How much space do I need to grow microgreens in Edgewater Park?
A 10 by 10 foot room with two shelving units holds 60 to 80 active trays, which is enough to produce $3,000 to $5,000 per month. A basement, garage corner, spare bedroom, or sunroom all work in Edgewater Park's climate. Vertical shelving is the fastest path to higher revenue per square foot.
What is the best app for tracking microgreen production in Edgewater Park?
Grown Like A Pro is the operating system used by working microgreen farms in Edgewater Park. It handles seed density math, watering schedules, harvest timing, inventory, customer orders, and the financial side. Free 30-day trial with no credit card.
How long does it take to learn to grow microgreens commercially?
Most growers in Edgewater Park are selling their first trays within 30 days of starting. Commercial proficiency, meaning you can run 50-plus trays per week without losing crops to mold or under-seeding, takes 60 to 90 days. The seed density and watering math is the single biggest predictor of how fast you get there.
Do I need a license to sell microgreens in Edgewater Park?

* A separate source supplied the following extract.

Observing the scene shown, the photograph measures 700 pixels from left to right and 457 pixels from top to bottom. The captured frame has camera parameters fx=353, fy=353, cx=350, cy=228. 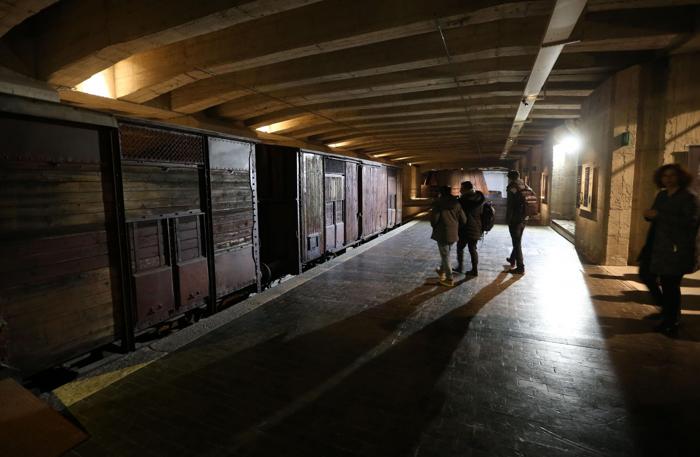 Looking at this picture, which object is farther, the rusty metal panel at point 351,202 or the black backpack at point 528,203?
the rusty metal panel at point 351,202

For farmers market and direct-to-consumer sales in Edgewater Park, most growers operate under New Jersey's cottage food law with no special license. For wholesale to restaurants and grocery stores, you typically need a basic food handler permit, a sales tax permit, and depending on volume, an inspection from your county health department.
How do I price microgreens to restaurants in Edgewater Park?
Restaurant wholesale in Edgewater Park runs $1.50 to $2.50 per ounce for standard varieties, $3 to $5 per ounce for specialty varieties like shiso, micro basil, or amaranth. Sell by the pound for repeat accounts. Local fresh commands a premium over the shipped-in product that most Edgewater Park restaurants currently buy.

Related guides

Once you have the Edgewater Park math in your head, the next read is the density chart that drives every tray you plant.